Egine Nalbandian, Head of Marketing at Sardina Systems, argues that cross-functional alignment between marketing, sales, PR, and customer service from day one is essential to match how modern buyers actually evaluate vendors.
AI adoption without a clear strategy risks diluting team expertise, and founders who treat marketing as a post-launch checkbox consistently struggle to turn strong products into sustainable revenue.
Previously, the whole process of pitching and selling mostly happened after sales came in. But now, it mostly happens before that. By the time they get in touch with your company, only 30% of the job is left.
The days of the cold-call conqueror are over.
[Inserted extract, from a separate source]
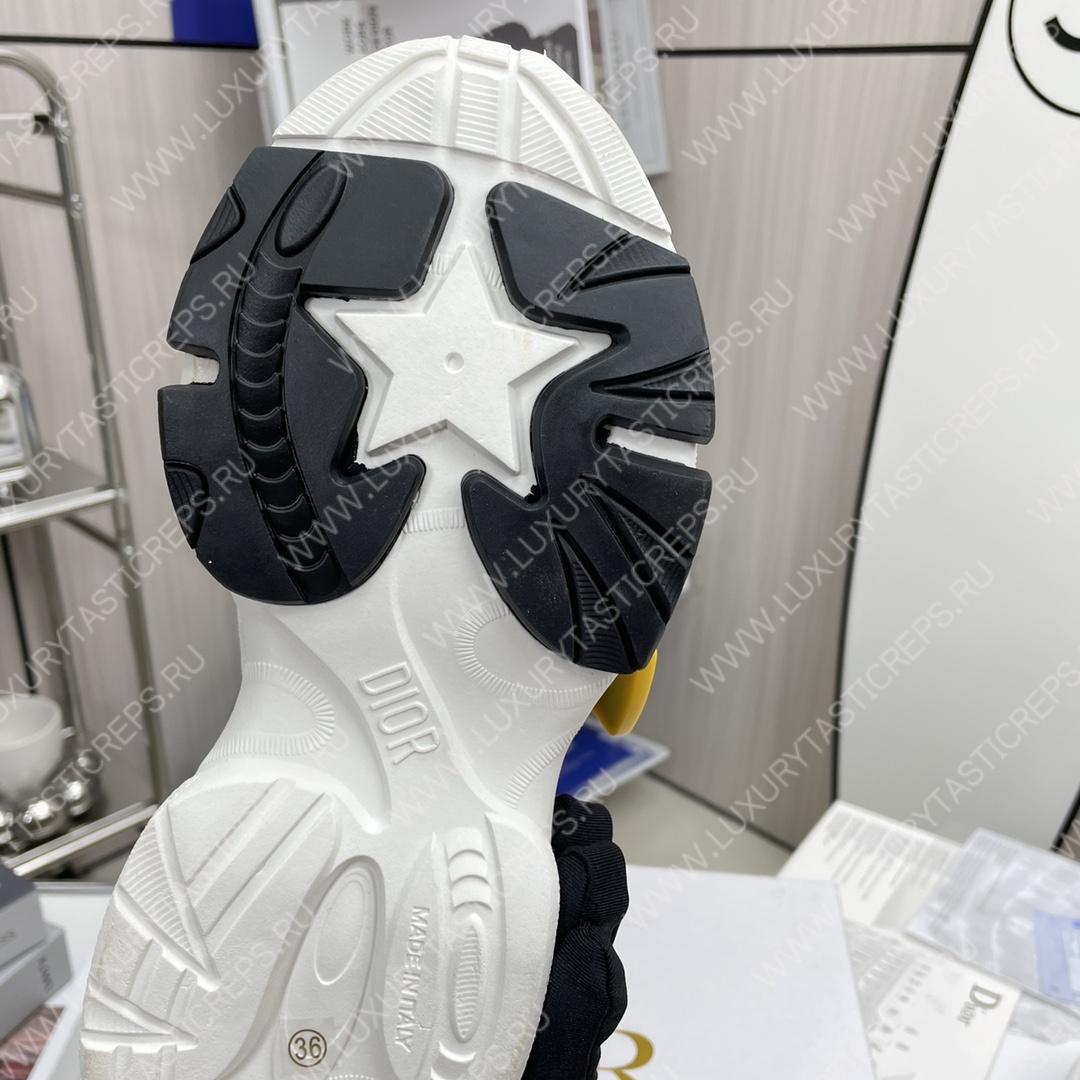 ch**an D*or d-wander sneakers cypress green kck299ctd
Today's B2B buyers prefer to figure things out on their own. With inboxes flooded by automated SaaS pitches, professionals are doing their own homework—checking websites, reading reviews, and consulting peers—before agreeing to a demo. With buyers doing the heavy lifting up front, marketing is no longer just a warm-up act for sales. Now, it's responsible for the majority of the convincing before a rep even says hello.
Egine Nalbandian, Head of Marketing at the open-source consultancy Sardina Systems, sees traditional playbooks failing in real time. With a decade spent at the intersection of brand trust and performance marketing for giants like Yandex and Inditex, Nalbandian notes that reaching today’s B2B buyer starts with recognizing who actually handles the pipeline.
“Previously, the whole process of pitching and selling mostly happened after sales came in. But now, it mostly happens before that. By the time they get in touch with your company, only 30% of the job is left," Nalbandian says. She notes that buyers will carry out research on their own or directly consult peers at work. By the time they come to you, there's nothing more than a bit of fine-tuning left to understand if it's a fit before signing. Because of this, marketing needs to be intentional from step one.
Plan B through Z: “Even if you built a good product, you need to clearly understand your scenarios from the very beginning, how you're going to sell it," says Nalbandian. "It's like selling a good versus a bad car. You need to prove why your car is good and worth the money. Marketing is an opportunity to build not only A and B, but the whole alphabet. You have to plan for what happens if your initial strategy fails.”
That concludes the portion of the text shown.